Sunday, March 11, 2007

The Alarm Clock

It was very early in the morning when the alarm went off. He listened to it for a while hoping that the sound would fade and that he would not have to use his body’s sleep muscles to turn it off. But as is usual with all alarm clocks, the sound continued, the constant sound seemed even louder now as it forced his body to slide away slowly from sleepiness via the sound it delivered to his ears. He decided to turn it off but turning it off awakened him even more since it involved the movement of his arms, something he had hoped to avoid.

He woke up and stared at the alarm clock while still in bed. His eyes were half open, one cheek glued to the bed as he lay on his stomach, and his thoughts were distorted. Part of him wanted his eyes to close so that he could get back to the comfort of sleep, another much smaller part of him wanted them open. There was no reason for him to get up really, nothing but that inner voice that kept telling him to move on when everything else around him had gone. Everything was telling him to go back to sleep and that the new day wasn’t worth living, but that very small yet powerful voice was telling him to get up and go on living. He looked at his alarm clock and while deciding whether or not to get up, he realized what he was, a man who had lost everything.

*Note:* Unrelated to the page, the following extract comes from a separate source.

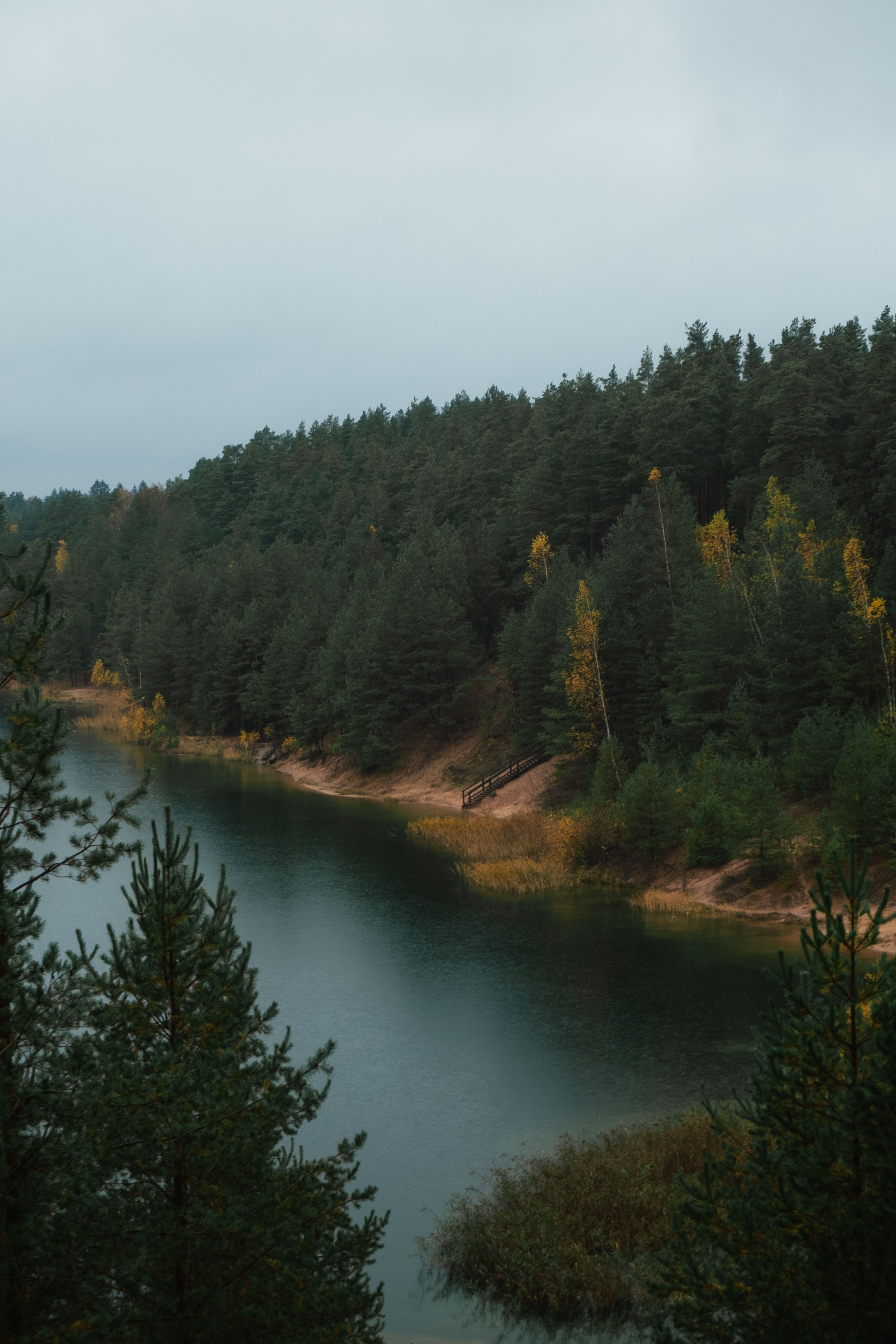 Serene Forest Lake in Autumn Landscape · Free Stock Photo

He was a man who had lost everything but was left with that monotonous residue called living. He was left with the means by which to live, the place in which to live and a job to make a living. He was left with lots of health to squander, lots of years to waste, lots of things to see. In short he was left with all the means of living yet deprived of a life.

On days when he would look into a mirror, he felt so much like the reflection he saw rather than the object that caused it. He felt very similar to a two dimensional reflection that appeared to have substance but was only a thin reflection of light. He was an illusion appearing to have all that which constituted a life with none of its reality.

He felt he was a reflection because as a reflection would disappear in the darkness, all of the real life in him had disappeared in the darkness of his sorrow.

He looked at the alarm clock and he saw it looking back at him. They spoke with their eyes. The alarm clock had two voices that were much like his own. The clock said look at the time. That same sentence had two tones. One was, look at the time, all of it is gone, and the other was, look at the time, you need to seize the day. The clock said look how time flies and it also said don’t let time pass you by. The clock said my seconds are an eternity and it also said my seconds pass too quickly.

He asked himself a question, why would a man who lost everything wake up now and go on living. He found no answer. He found no answer or reason as to why he should, but something illogical inside him provided him with an answer he did not fathom, an answer he could not interpret, an answer that wasn’t even clear. It was more of an urge than an answer, an innate knowledge that trampled over logic, it was an urge and a belief that he must go on.

Against his sleepy body, his aching head, and his reason, this feeling triumphed. He got up and scratched his hair and tried to forget about that little conversation he had with his clock. He looked at his bed and his clock and thought, I’m not setting that alarm ever again, but he knew in his depths that when it was time to sleep he’d have another similar battle to face.